#### [Instructions to follow]
Return only the lines below starting at the line containing "Miniatura 3 de" and ending at the line containing "Jagged stumps stretch", both included, exactly as they are and with no pictures.

#### [Entries provided]
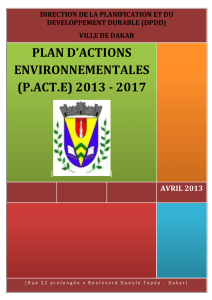 PLAN D`ACTIONS ENVIRONNEMENTALES (P.ACT.E) DE LA VILLE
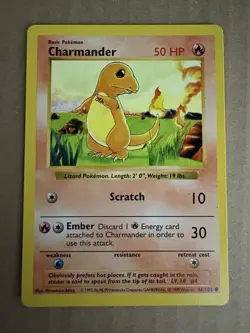 Pokemon - Base Set Shadowless - Charmander 46/102 - Common LP/NM - Image 1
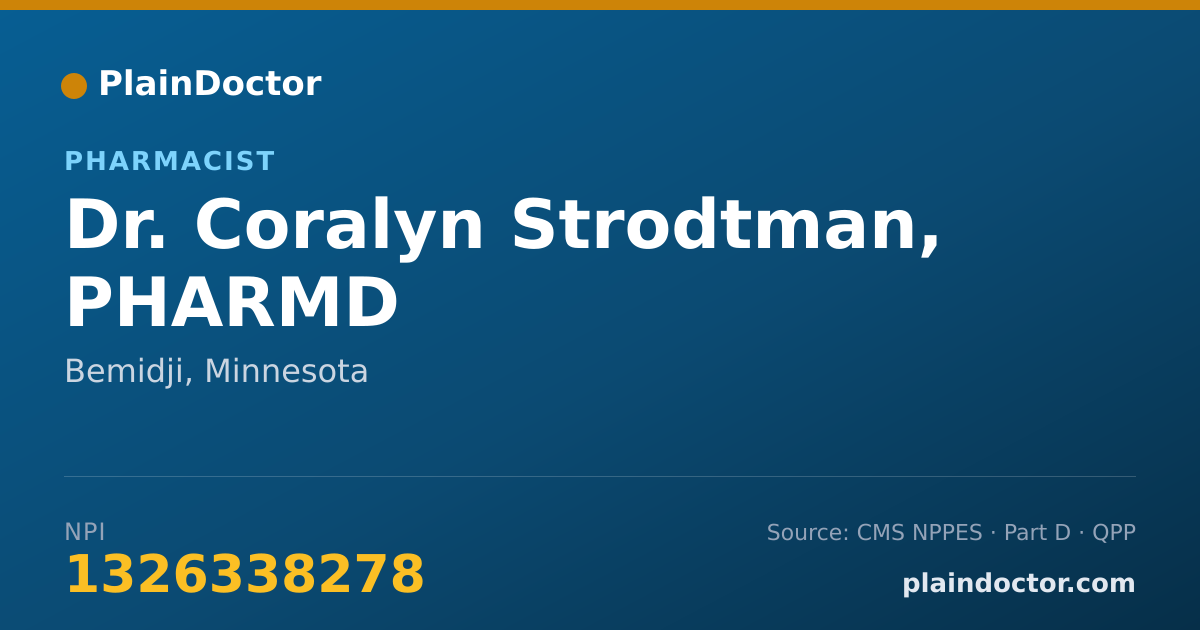 Shareable card for Coralyn Strodtman, PHARMD - Pharmacist, Bemidji, MN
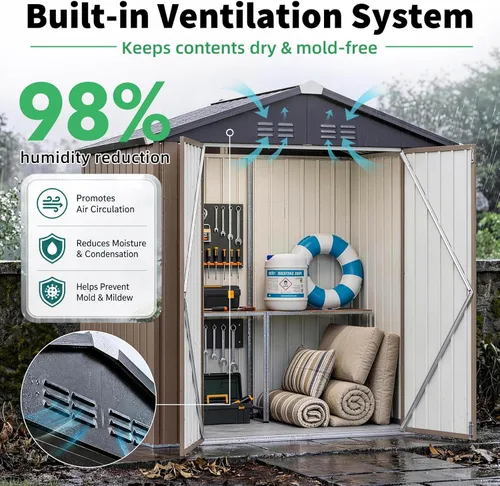 Miniatura 3 de AECOJOY Cobertizo de almacenamiento de metal para exteriores de 4 x 6 pies, cobertizo de herramientas de jardín resistente con puerta doble con Gris
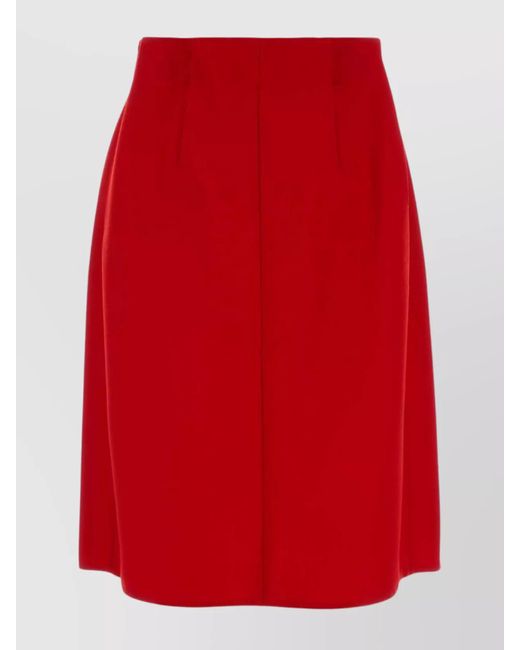 Prada Red Virgin Wool High-Rise Skirt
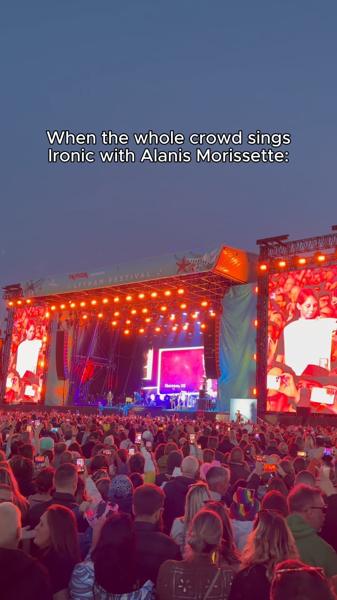 When a sea full of people sing along to @alanis at @tkmaxxuk presents Lytham Fes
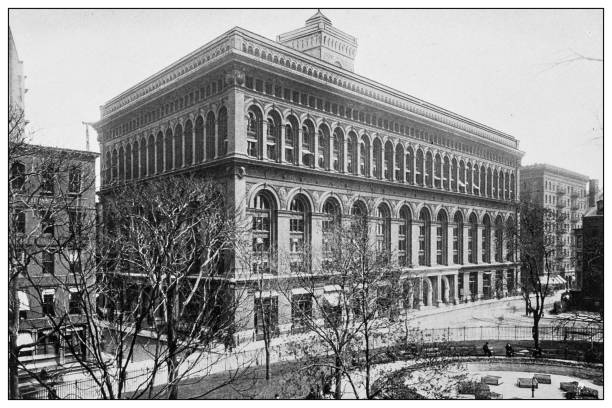 New York financial district buildings: New York Produce Exchange New York financial district buildings: New York Produce Exchange nyse building stock illustrations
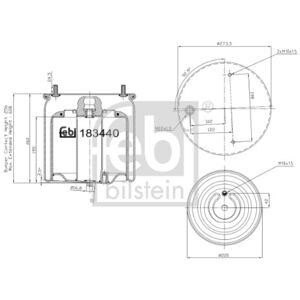 FEBI BILSTEIN 183440 Luftfederung - Vorderachse links FEBI BILSTEIN 183440 Luftfederung - Vorderachse links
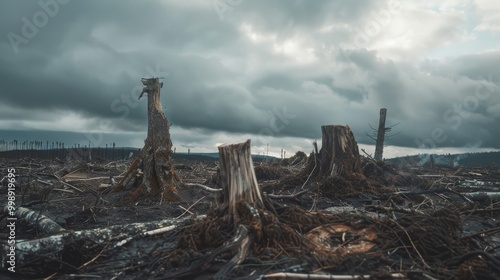 Jagged stumps stretch across a desolate landscape under threatening skies, reflecting the stark reality of deforestation.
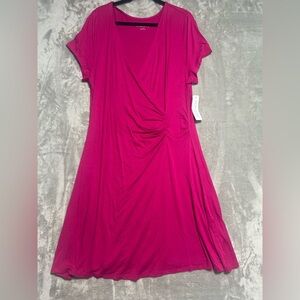 Soft Surroundings Stretch Midi Wrap Dress Women’s 1X Pink V Neck Cap Sleeve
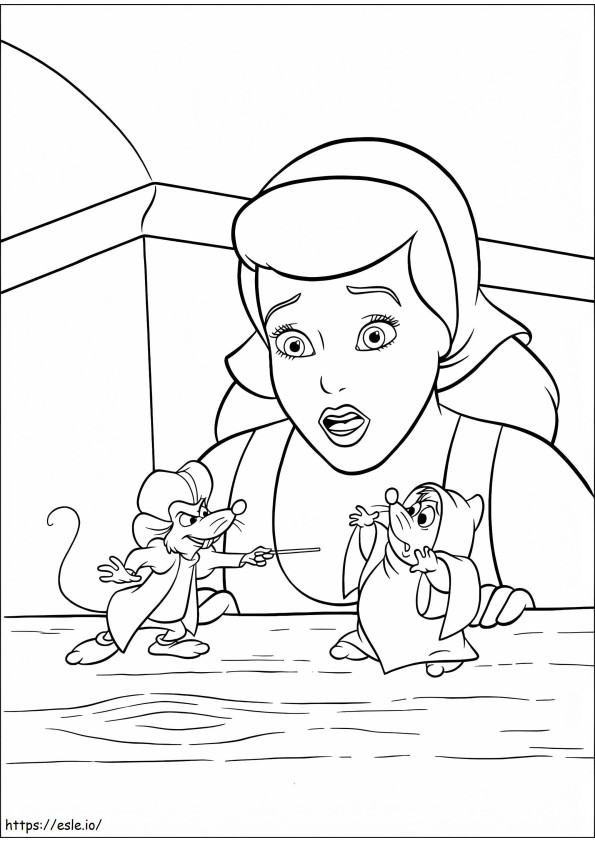 Jaq With Gus And Cinderella coloring page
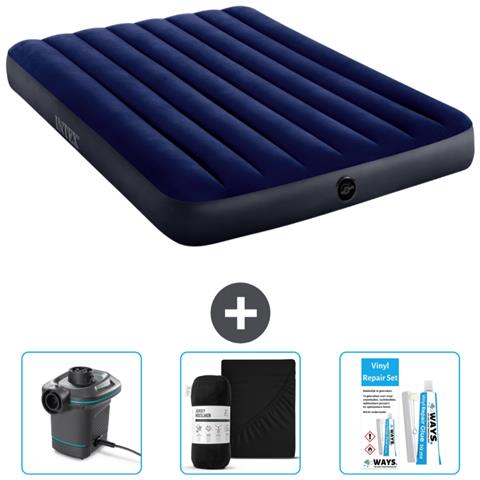 Set Materassino Gonfiabile - 191x137x25 Cm - Blu - Include Accessori Coordinati - Foto 1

#### [Written response]
 Miniatura 3 de AECOJOY Cobertizo de almacenamiento de metal para exteriores de 4 x 6 pies, cobertizo de herramientas de jardín resistente con puerta doble con Gris
 Prada Red Virgin Wool High-Rise Skirt
 When a sea full of people sing along to @alanis at @tkmaxxuk presents Lytham Fes
 New York financial district buildings: New York Produce Exchange New York financial district buildings: New York Produce Exchange nyse building stock illustrations
 FEBI BILSTEIN 183440 Luftfederung - Vorderachse links FEBI BILSTEIN 183440 Luftfederung - Vorderachse links
 Jagged stumps stretch across a desolate landscape under threatening skies, reflecting the stark reality of deforestation.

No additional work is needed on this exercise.